→ What to produce
Find each line below containing the word "document" and copy it.

→ Given records

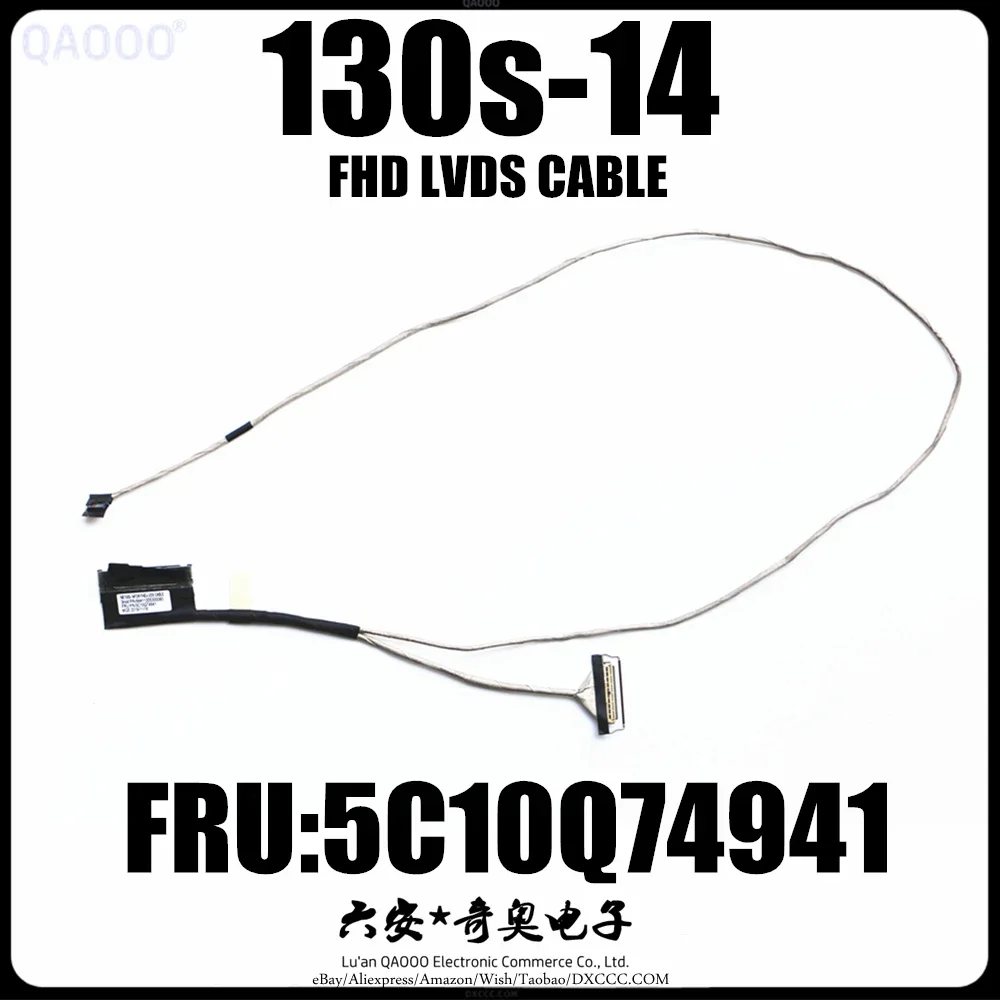 كابل FHD LVDS لـ LENOVO ، 120ss-14ap ، نوع 81A5 ، 130ss 14igm 130ss ، 5C10Q74941 ،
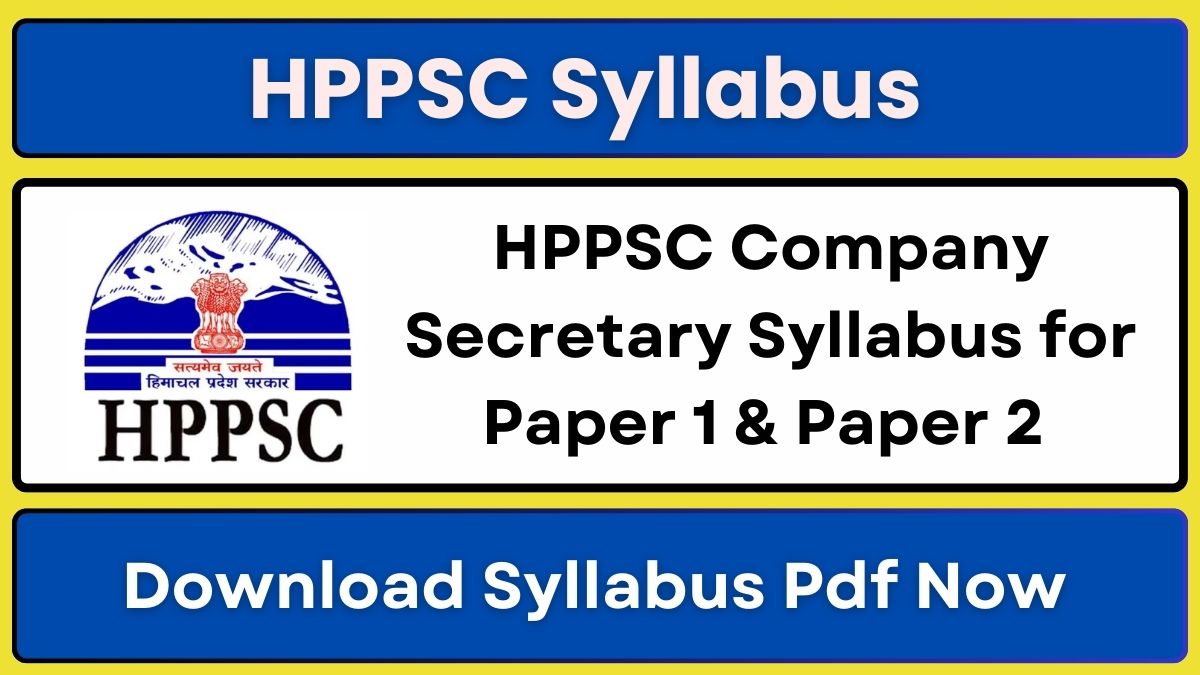 HPPSC Company Secretary Syllabus for Paper 1 & Paper 2 Download Syllabus Pdf Now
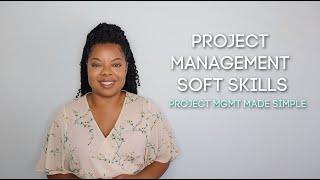 What Soft Skills Are Needed for a Project Manager?  | Project Mgmt Made Simple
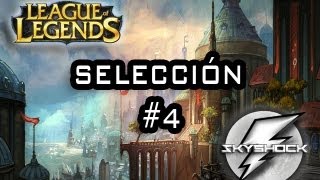 Selección de Skyshock 4 quotPENTAKILL PENTAKILL PENTAKILLquot League of Legends en español [upl. by Lucrece]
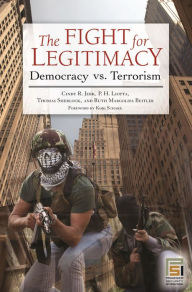 Title: The Fight for Legitimacy: Democracy vs. Terrorism, Author: Cindy R. Jebb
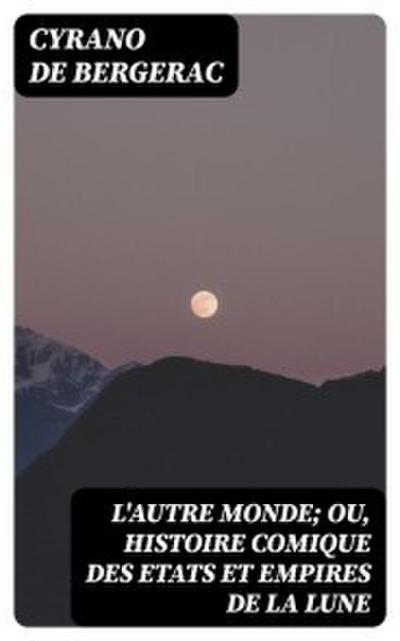 L’autre monde; ou, Histoire comique des Etats et Empires de la Lune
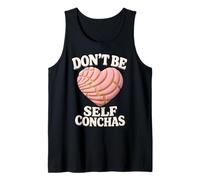 Don't Be Self Conchas Pan Dulce Mexicain Latina Mujer Concha Débardeur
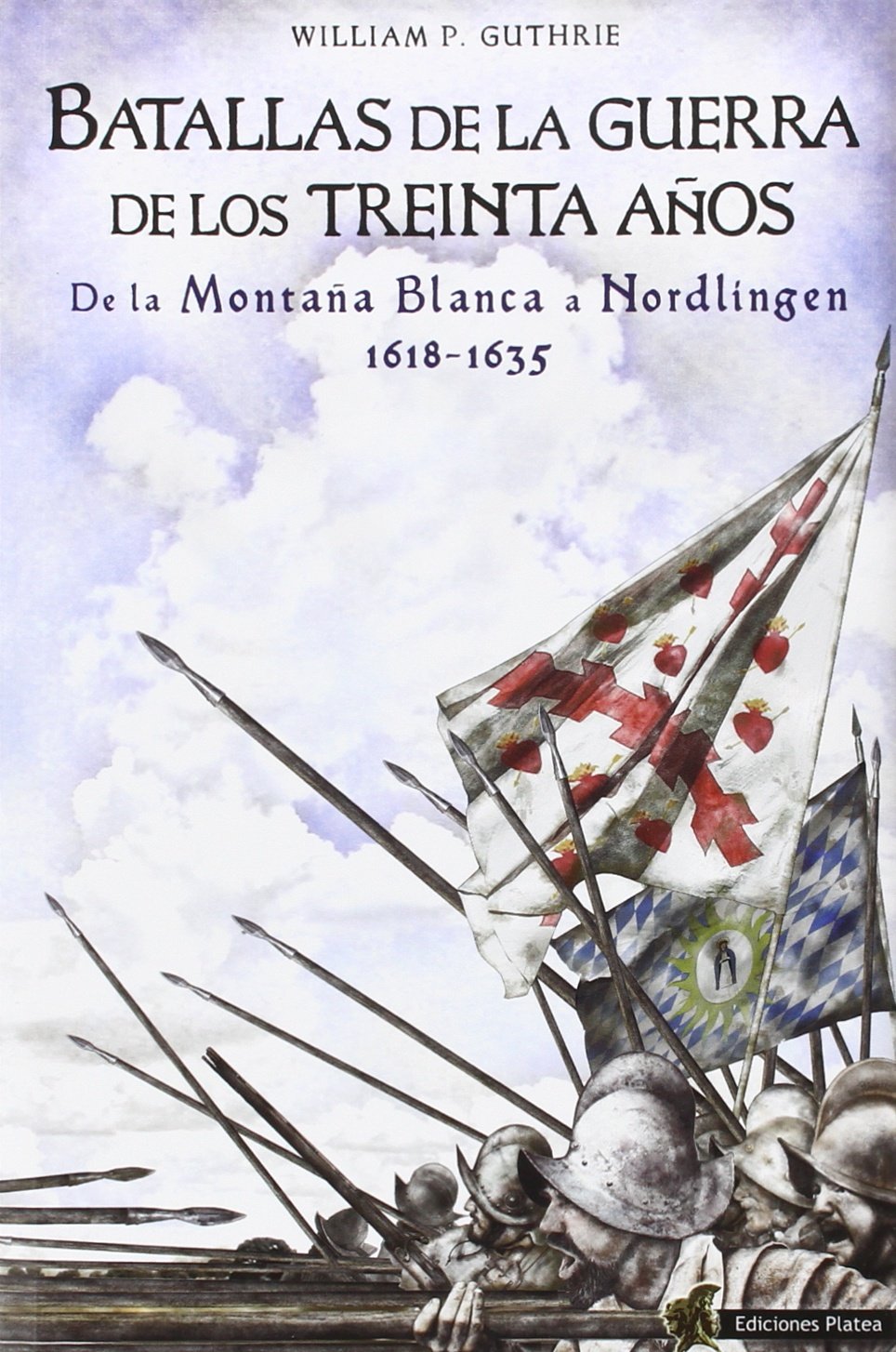 Libro: Batallas de la Guerra de los Treinta Años: De la Montaña Blanca a Nordlingen 1618-1635 (SIN COLECCION)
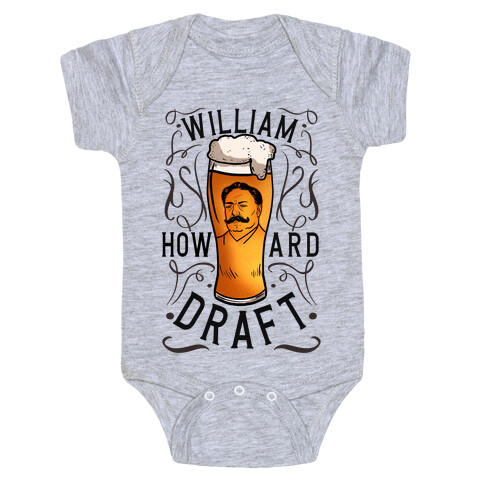 William Howard Draft Beer Baby One-Piece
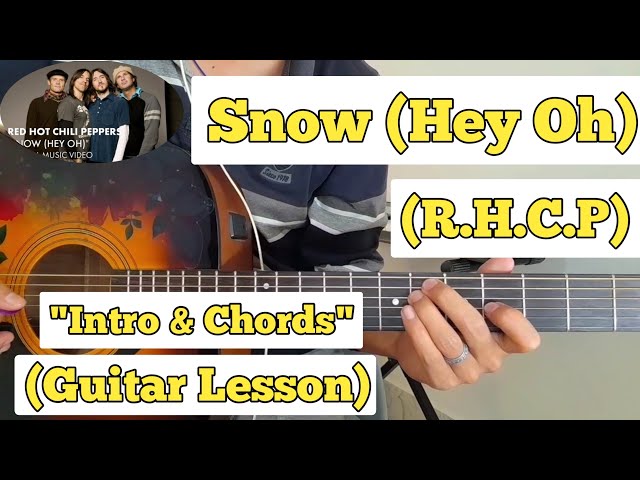 Snow - Red Hot Chili Peppers | Guitar Lesson | Intro u0026 Chords | (With Tabs) class=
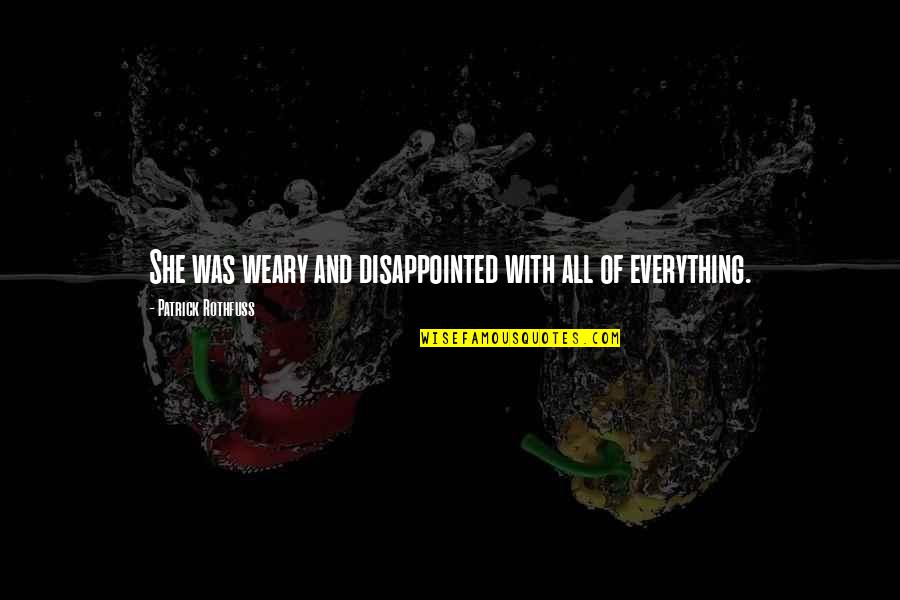 Patrick Rothfuss Quotes By Patrick Rothfuss: She was weary and disappointed with all of Patrick Rothfuss Quotes By Patrick Rothfuss: She was weary and disappointed with all of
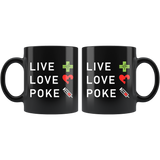 Live Love Poke  11oz Black Mug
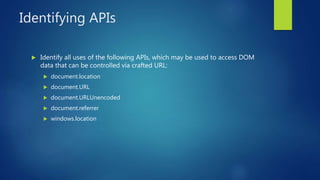 Identifying APIs
 Identify all uses of the following APIs, which may be used to access DOM
data that can be controlled via crafted URL:
 document.location
 document.URL
 document.URLUnencoded
 document.referrer
 windows.location
 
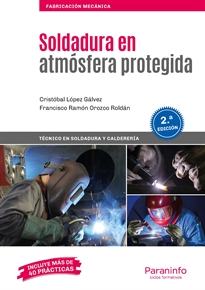 SOLDADURA EN ATMÓSFERA PROTEGIDA 2ª EDICIÓN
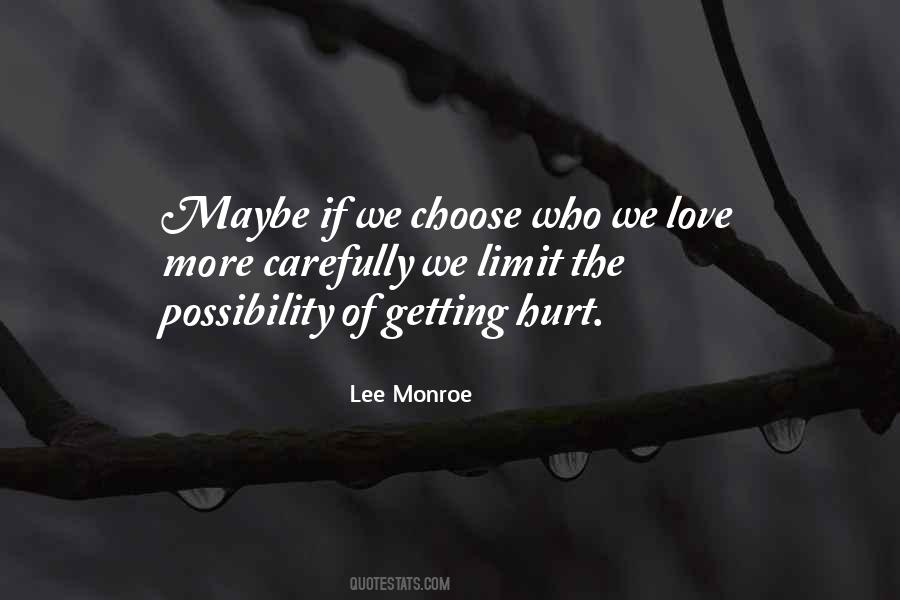 Quotes About Possibility Of Love #144408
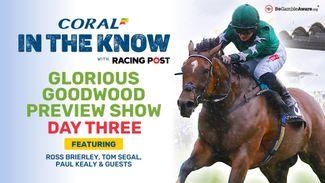 Watch: Glorious Goodwood day three preview and tipping show with Tom Segal and Paul Kealy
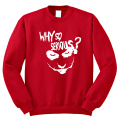 bluza z nadrukiem WHY SO SERIOUS śmieszna zabawna bluza z napisami czerwona.png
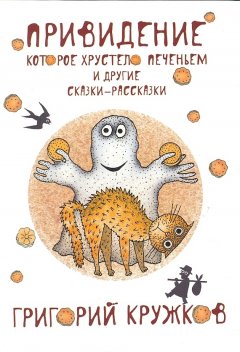 Григорий Кружков - Привидение, которое хрустело печеньем, и другие сказки-рассказки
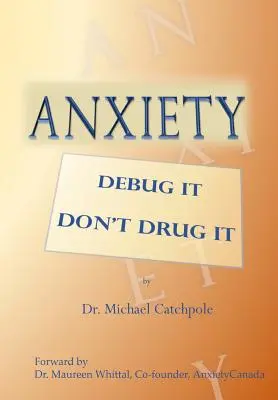 Anxietatea: Depanarea, nu drogarea - Anxiety: Debug It Don't Drug It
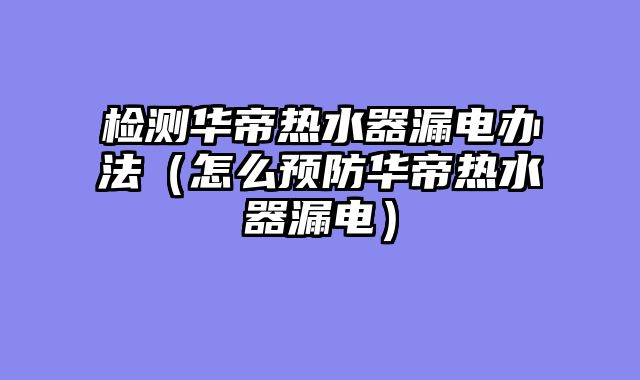 检测华帝热水器漏电办法（怎么预防华帝热水器漏电）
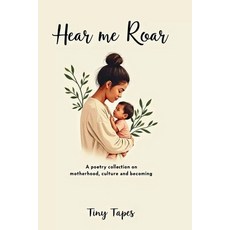 (영문도서)Hear Me Roar: Poems on Motherhood Culture and Becoming Paperback, Independently Published, English, 9798241501790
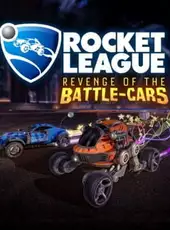 Rocket League: Revenge of the Battle-Cars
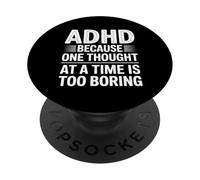 ADHD Because One Thought at a Time Is Too Boring PopSockets Adhesive PopGrip
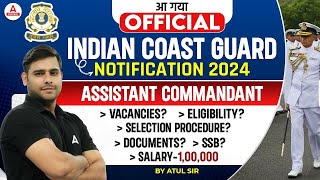 Indian Coast Guard Recruitment 2024 Out  Assistant Commandant Eligibility Salary SSB Details [upl. by Atiuqam786]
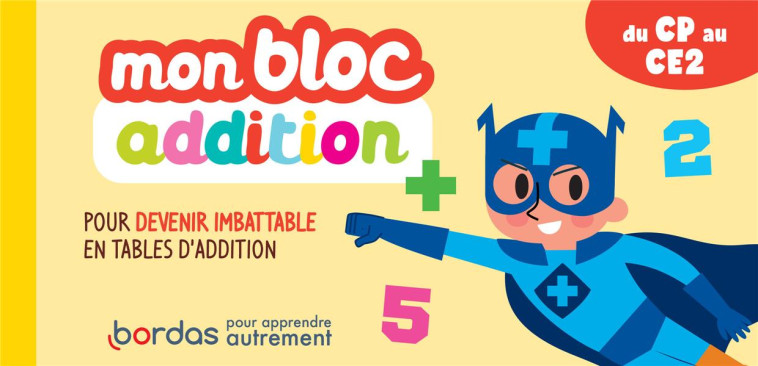 MON BLOC ADDITION - POUR DEVENIR IMBATABLE EN TABLES D-ADDITION - LE MADEC/MORIZE - BORDAS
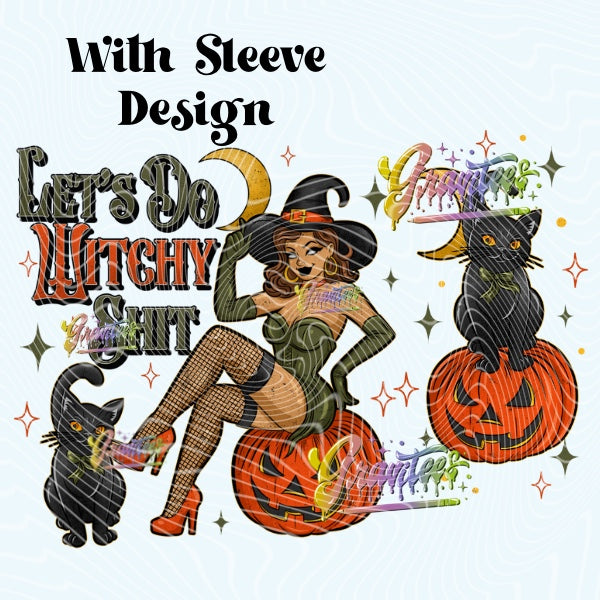 Let’s Do Witchy Shit with Sleeve PNG, Halloween Witch Clipart for DTF or Shirt Printing PNG Only!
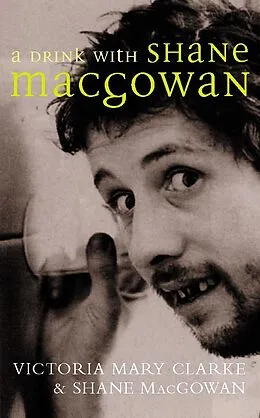 E-Book (epub) A Drink with Shane MacGowan von Victoria Mary Clarke, Shane Macgowan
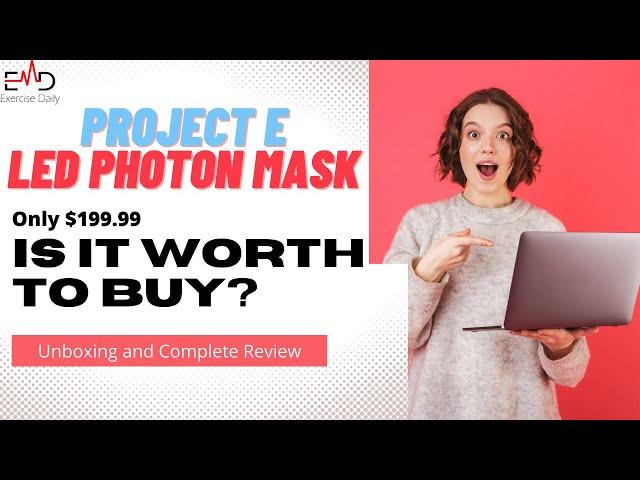 Project E Beauty LED Mask Review - Is it Worth Buying in 2022?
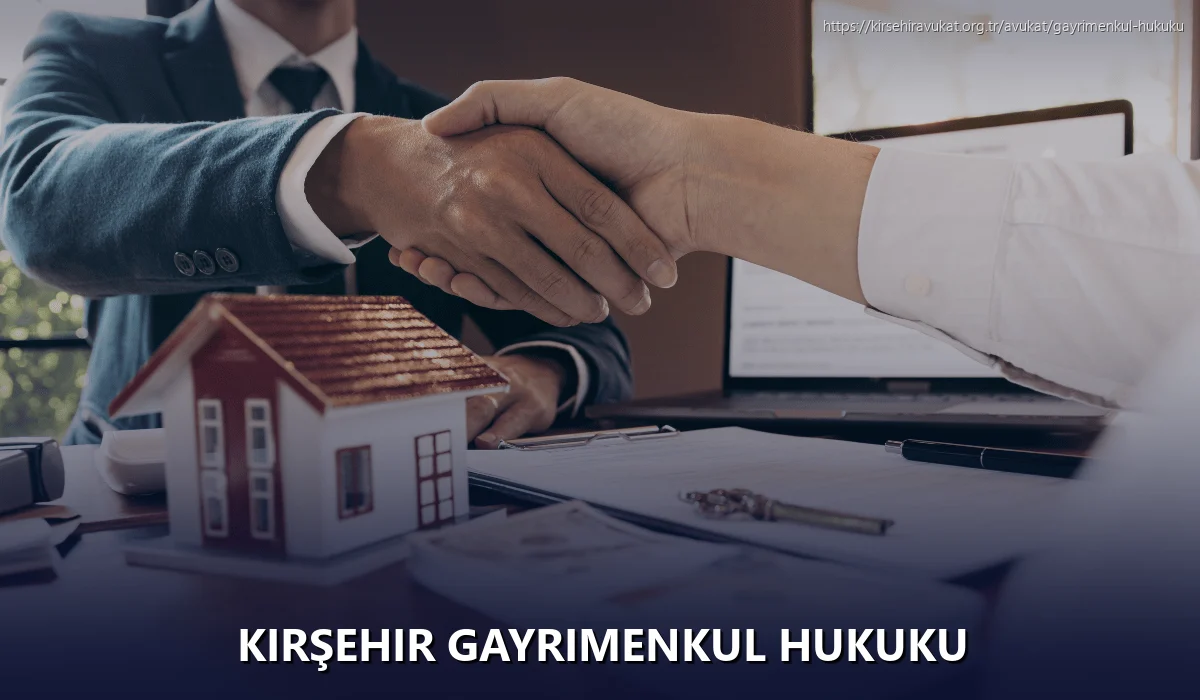 Kırşehir Gayrimenkul Hukuku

→ Worked solution
 document.location
 document.URL
 document.URLUnencoded
 document.referrer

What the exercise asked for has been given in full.